[Short text fragments from websites]

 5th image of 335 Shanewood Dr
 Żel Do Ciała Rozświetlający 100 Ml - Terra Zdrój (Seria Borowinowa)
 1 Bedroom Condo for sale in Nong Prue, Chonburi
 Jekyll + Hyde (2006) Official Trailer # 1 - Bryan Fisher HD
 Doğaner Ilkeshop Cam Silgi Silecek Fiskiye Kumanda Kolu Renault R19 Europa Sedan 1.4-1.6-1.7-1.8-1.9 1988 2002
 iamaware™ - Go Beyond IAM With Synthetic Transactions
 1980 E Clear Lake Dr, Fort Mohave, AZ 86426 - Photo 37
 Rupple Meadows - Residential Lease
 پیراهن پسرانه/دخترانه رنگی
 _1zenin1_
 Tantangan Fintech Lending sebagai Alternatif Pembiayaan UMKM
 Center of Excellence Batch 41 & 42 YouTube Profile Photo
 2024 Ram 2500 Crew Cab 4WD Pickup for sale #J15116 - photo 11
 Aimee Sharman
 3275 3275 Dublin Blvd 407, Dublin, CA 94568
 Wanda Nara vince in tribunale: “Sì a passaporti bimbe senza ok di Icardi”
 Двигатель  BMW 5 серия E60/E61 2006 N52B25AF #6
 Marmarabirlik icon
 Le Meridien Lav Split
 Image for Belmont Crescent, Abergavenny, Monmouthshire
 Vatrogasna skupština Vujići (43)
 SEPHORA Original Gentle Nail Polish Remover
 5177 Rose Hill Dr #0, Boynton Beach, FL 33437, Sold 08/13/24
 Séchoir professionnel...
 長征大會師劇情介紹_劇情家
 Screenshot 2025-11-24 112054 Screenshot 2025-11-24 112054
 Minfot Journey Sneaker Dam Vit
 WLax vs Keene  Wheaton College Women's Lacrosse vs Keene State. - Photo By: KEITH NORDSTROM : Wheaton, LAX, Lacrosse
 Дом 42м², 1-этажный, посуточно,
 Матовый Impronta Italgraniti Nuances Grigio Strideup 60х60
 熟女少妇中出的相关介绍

• [To do]: Starting at the line above that holds "Vatrogasna skupština Vujići (43)" and ending at the line that holds "Screenshot 2025-11-24 112054 Screenshot", transcribe each line exactly and include no other lines.

• [Response for this exercise]:
 Vatrogasna skupština Vujići (43)
 SEPHORA Original Gentle Nail Polish Remover
 5177 Rose Hill Dr #0, Boynton Beach, FL 33437, Sold 08/13/24
 Séchoir professionnel...
 長征大會師劇情介紹_劇情家
 Screenshot 2025-11-24 112054 Screenshot 2025-11-24 112054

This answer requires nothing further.